Everything came full circle for artist Seth Green, the Assistant Professor of Ceramics at Purdue University, at Art Insights this Oct. 17.
He was the guest of the week and offered advice for aspiring art students. For Green, it was not only an opportunity to share his experiences, successes and failures with students, but it was a way for him to return to his hometown.
“I remember what it’s like to be sitting exactly where you are, thinking, ‘This artist is amazing. How am I ever going to get where they are?’” Green said.
It’s true, too. Green sat in those very chairs, growing up in Cedar city and graduating from SUU in 2006.
He went on to continue his education by attending graduate school at the University of Nebraska. He now “actively exhibits his ceramic vessels on the national and international levels, in solo, invitational and juried exhibitions.”
Green expressed that while he was a student at SUU, he spent his summers as a wildland firefighter for the forest service. Spending so much time battling wildfire, he had time to observe the fact that lightning was the leading cause of wildfires.

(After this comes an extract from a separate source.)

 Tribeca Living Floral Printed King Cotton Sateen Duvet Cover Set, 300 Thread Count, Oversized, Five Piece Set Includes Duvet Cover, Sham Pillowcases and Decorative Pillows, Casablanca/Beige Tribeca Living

“It’s amazing the [amount of power] that lightning has, and I wanted to capture that in my work.”
Green’s work does just that. The artist studied chemistry and learned the science behind making the glaze on his pottery represent metal.
Most of his work is made to represent architecture.

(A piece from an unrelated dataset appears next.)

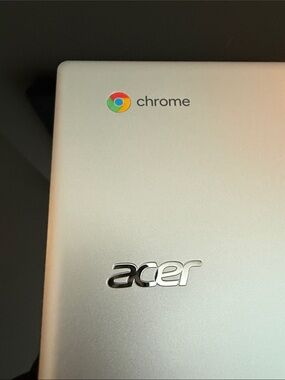 New! Acer Chromebook in Silver with Chrome Logo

“There was a lighthouse, and as I walked up and looked at it, I just saw a striking silhouette against the blue sky. The silhouette and the space around the architecture was so appealing to me.”
Green isn’t a traditional potter that makes one pot out of one piece of clay. Instead, he describes himself as a builder, putting together a lot of it from separate pieces.
Addressing the audience, Green urged students to take the opportunity to learn from failures. He explained that one of his biggest mentors and supporters, Susan Harris, told him this after he faced a devastating failure with his undergraduate work.
“She told me that there are successful things in different parts of my work, and that I need to incorporate those successes into my future work.”
Green took that advice. Where he was once just a student starting off, he has now returned to offer advice and teach.
The artist will spend the remainder of his time in Cedar City in the classroom, providing demonstrations for art students.